A prize for young mathematicians from developing countries has been created in the name of Ramanujan by theInternational Centre for Theoretical Physics (ICTP), in co-operation with the International Mathematical Union, which nominate members of the prize committee. The Shanmugha Arts, Science, Technology & Research Academy (SASTRA), based in the state of Tamil Nadu in South India, has instituted the SASTRA Ramanujan Prize of $10,000 to be given annually to a mathematician not exceeding the age of 32 for outstanding contributions in an area of mathematics influenced by Ramanujan. The age limit refers to the years Ramanujan lived, having nevertheless still achieved many accomplishments. This prize has been awarded annually since 2005, at an international conference conducted by SASTRA in Kumbakonam, Ramanujan’s hometown, around Ramanujan’s birthday, 22 December.

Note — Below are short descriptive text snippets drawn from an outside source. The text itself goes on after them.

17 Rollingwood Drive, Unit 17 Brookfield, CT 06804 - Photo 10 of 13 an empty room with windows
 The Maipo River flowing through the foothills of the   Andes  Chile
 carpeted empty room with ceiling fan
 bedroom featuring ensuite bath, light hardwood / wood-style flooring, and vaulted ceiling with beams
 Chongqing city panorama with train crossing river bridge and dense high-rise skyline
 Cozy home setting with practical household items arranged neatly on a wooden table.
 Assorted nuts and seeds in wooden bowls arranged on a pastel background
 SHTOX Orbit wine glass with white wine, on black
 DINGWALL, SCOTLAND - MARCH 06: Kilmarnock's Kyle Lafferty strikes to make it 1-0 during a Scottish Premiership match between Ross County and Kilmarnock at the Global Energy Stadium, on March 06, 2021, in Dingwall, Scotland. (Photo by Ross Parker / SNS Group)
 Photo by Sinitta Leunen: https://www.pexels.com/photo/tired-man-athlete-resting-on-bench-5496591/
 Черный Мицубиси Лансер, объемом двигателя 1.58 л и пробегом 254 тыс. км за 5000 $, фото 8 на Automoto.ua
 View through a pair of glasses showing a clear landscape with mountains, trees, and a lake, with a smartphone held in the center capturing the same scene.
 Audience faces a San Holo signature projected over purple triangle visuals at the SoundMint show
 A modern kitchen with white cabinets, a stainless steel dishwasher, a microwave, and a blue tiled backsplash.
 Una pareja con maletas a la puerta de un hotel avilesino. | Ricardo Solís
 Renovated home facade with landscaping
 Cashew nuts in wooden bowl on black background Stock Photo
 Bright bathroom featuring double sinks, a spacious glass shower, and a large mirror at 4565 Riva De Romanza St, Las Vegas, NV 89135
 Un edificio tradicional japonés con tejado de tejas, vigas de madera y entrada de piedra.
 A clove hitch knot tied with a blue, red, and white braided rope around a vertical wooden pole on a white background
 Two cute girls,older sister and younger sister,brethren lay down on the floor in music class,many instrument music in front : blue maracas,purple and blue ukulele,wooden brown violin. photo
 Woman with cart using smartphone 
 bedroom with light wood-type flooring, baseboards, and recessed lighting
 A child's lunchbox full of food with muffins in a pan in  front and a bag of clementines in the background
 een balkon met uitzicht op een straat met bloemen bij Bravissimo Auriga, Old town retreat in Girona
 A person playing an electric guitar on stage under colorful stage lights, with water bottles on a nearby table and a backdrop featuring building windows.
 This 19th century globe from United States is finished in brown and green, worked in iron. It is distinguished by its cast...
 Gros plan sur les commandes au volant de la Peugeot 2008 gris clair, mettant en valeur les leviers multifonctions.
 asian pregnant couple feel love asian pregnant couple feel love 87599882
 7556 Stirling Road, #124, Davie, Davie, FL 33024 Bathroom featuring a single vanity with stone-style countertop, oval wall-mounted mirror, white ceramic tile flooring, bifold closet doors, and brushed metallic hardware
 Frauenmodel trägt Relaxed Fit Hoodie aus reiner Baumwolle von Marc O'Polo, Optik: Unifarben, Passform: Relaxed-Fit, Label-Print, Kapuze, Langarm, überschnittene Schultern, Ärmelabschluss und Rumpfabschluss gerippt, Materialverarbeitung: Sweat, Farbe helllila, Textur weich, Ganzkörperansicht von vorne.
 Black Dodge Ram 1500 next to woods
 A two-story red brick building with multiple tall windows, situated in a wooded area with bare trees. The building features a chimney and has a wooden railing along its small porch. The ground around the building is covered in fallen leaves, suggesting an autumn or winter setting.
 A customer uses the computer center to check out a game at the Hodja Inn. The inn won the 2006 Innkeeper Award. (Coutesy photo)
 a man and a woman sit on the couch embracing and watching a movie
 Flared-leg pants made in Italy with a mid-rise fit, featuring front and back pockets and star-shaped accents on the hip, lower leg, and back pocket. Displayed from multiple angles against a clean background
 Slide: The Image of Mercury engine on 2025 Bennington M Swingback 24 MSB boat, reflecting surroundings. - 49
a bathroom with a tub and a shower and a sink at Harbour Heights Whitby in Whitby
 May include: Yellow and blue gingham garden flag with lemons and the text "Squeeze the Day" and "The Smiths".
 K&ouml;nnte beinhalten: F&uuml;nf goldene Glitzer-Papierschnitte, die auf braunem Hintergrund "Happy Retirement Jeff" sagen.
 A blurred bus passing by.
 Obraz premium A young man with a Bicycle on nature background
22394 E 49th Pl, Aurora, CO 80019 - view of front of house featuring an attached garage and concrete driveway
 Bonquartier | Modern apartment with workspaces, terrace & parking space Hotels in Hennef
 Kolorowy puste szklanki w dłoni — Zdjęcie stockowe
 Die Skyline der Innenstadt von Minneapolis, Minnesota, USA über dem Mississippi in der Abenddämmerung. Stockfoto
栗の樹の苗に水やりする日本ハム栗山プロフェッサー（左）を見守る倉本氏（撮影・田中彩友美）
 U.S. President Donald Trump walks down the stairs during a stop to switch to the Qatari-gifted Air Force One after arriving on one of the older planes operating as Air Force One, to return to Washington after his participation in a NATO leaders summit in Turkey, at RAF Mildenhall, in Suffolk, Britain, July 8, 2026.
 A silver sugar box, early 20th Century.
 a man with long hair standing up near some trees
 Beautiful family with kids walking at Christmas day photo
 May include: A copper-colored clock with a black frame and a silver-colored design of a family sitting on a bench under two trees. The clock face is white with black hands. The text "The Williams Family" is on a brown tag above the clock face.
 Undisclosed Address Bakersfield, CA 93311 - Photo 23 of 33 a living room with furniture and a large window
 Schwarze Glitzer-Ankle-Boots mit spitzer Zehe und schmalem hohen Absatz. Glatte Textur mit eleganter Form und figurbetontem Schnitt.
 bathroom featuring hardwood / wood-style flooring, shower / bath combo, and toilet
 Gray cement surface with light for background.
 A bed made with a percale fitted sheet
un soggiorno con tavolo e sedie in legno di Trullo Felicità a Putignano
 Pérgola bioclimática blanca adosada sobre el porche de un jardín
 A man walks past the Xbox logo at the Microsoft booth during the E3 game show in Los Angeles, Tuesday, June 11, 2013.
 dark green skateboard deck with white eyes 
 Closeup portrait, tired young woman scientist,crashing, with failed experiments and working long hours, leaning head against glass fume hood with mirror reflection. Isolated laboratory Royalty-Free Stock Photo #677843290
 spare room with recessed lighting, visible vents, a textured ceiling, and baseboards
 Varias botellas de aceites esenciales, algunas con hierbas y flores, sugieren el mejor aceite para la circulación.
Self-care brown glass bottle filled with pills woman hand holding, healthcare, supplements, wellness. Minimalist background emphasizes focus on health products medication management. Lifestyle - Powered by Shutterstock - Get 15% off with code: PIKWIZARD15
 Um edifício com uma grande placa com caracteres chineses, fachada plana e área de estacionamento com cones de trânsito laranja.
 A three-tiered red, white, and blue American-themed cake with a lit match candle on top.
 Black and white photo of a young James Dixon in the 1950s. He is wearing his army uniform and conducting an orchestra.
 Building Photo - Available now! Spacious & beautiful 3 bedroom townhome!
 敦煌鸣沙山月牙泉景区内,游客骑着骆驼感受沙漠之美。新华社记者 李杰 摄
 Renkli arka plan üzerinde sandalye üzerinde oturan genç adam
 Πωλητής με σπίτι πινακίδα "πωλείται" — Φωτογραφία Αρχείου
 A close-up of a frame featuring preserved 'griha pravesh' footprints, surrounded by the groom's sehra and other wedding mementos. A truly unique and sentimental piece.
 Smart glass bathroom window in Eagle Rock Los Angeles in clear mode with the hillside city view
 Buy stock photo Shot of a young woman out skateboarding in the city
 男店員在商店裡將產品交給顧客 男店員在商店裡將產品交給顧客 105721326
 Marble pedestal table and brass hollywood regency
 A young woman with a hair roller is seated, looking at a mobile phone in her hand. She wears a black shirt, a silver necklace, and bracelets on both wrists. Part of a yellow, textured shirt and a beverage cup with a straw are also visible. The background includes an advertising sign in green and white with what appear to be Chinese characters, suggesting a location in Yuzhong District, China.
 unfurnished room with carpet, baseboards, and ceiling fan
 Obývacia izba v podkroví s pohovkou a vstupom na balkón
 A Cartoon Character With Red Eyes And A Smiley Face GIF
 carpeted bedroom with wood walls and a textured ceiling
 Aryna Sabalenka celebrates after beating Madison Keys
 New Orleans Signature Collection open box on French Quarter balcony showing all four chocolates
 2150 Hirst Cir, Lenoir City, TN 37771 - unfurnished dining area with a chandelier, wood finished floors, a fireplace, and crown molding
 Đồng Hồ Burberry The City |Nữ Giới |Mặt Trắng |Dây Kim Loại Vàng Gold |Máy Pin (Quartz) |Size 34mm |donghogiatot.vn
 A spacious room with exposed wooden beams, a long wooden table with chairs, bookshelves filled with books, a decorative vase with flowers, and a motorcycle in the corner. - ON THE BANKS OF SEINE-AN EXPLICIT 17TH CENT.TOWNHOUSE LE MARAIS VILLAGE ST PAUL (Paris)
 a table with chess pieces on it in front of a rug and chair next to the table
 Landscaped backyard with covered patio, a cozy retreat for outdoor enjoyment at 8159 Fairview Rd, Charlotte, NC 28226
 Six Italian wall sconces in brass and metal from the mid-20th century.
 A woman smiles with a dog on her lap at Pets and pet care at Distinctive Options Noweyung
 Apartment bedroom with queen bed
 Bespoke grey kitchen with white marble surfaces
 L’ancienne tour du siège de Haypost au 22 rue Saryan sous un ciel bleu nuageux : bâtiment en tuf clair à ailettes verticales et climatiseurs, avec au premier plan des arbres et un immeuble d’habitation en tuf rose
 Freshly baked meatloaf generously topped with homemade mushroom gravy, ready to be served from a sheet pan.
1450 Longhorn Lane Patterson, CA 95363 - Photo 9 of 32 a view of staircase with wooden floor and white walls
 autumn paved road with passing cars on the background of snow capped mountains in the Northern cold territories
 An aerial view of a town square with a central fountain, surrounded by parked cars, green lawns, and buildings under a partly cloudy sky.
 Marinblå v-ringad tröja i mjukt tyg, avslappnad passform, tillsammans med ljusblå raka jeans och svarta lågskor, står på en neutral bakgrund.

On the 125th anniversary of his birth, India declared the birthday of Ramanujan, 22 December, as ‘National Mathematics Day.’ The declaration was made by Dr. Manmohan Singh in Chennai on 26 December 2011. Dr Manmohan Singh also declared that the year 2012 would be celebrated as the National Mathematics Year. His residence is now preserved by SASTRA university in Kumbakonam.